# Brown's Canyon Water Level Questions



## JBL (Jun 7, 2006)

How does Browns at 1250 cfs compare to Browns at 1500 cfs, 1750 cfs, 2000 cfs, 2500 cfs? What gets harder, easier, more fun, etc.?


----------



## COUNT (Jul 5, 2005)

In my opinion, Brown's changes very little from about 12 or 13 hundred to 18hundo. Over 18 stuff starts to wash out and just become big wavetrains and the necessity of making moves disappears. The hardest I've ever run Brown's was at 330. Over 1200, Pinball disappears. Toiletbowl gets tougher lower and at low flows <800, there are definitely right and wrong sides to start on in some of the drops of Staircase. Raft Ripper gets tough under 600.

COUNT


----------



## Snowhere (Feb 21, 2008)

1250, yawn.... 1500 better. 2000, the ark tends to wash. +2000, gets better and better. +4000, best.

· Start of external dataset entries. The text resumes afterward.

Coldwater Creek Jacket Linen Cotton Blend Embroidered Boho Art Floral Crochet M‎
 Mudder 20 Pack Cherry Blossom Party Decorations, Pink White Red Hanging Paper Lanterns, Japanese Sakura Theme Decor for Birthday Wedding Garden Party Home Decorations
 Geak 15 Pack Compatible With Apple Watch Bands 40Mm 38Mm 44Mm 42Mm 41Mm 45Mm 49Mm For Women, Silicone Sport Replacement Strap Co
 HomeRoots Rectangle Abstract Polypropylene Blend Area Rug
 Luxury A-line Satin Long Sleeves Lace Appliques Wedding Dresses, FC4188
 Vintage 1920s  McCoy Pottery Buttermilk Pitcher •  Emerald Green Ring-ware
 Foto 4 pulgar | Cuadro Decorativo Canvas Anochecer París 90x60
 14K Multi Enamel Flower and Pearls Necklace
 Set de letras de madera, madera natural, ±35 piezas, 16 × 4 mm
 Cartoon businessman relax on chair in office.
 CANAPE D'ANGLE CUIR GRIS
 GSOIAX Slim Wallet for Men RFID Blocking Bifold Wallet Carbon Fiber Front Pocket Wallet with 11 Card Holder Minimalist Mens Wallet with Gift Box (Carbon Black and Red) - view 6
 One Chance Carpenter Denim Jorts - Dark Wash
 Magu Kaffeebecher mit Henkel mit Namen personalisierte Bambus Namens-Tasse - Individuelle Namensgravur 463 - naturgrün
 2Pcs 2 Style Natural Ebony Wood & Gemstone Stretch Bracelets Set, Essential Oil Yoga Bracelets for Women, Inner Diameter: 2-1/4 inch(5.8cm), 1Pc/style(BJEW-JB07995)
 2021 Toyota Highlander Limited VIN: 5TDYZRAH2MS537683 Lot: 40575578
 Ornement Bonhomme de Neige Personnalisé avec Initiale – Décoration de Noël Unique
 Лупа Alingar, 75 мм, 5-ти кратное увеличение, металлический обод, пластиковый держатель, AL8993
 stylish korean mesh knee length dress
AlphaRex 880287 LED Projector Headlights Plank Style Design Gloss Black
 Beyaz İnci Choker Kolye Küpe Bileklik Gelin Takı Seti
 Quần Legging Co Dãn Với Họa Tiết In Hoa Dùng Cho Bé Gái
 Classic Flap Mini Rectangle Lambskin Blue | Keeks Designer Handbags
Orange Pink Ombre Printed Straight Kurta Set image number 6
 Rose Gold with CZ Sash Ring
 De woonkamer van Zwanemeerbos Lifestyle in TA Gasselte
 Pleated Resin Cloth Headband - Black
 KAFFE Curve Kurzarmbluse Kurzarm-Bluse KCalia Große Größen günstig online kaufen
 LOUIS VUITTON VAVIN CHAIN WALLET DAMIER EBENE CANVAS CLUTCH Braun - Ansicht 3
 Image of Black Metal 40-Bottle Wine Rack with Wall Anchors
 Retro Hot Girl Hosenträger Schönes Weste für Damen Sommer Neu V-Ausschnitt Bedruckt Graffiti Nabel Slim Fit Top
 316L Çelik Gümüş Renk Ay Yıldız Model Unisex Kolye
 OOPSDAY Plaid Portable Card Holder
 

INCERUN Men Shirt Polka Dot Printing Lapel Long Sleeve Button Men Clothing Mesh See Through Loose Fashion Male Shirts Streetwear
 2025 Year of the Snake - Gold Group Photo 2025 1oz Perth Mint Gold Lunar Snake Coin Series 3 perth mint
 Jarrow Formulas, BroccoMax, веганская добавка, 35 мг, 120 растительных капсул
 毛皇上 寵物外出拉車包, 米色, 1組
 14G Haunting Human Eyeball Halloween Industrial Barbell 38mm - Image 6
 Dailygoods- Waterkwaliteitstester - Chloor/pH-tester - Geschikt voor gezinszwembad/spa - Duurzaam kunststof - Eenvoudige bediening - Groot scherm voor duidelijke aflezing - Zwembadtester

Tough to exactly pinpoint what gets harder and easier as some stuff is harder at certain flows, and gets easier at higher and then gets tougher higher and then gets easier..... 

The major rapids, Zoom, the Seven Stairs, tend to be tougher (but great fun) at higher flows. Big drop, Toilet Bowl can easily be sneaked at higher flows, so where the rapid might be tougher, you can always sneak. Like any river, the bigger the flow, the pushier it will be. If you really want to pucker up, try Numbers above 2500!


----------



## heliodorus04 (May 31, 2005)

I agree with Count.

Zoom Flume has some small-width holes that are grippy above 1800.

Pinball is the most difficult at low flow.

Toiletbowl above 1800 intimidated me, but there's an easy sneak on river right at higher flows.

The higher it goes, the more washed out everything but Zoom Flume is.

Oh, and below 500, the float in is tedious.


----------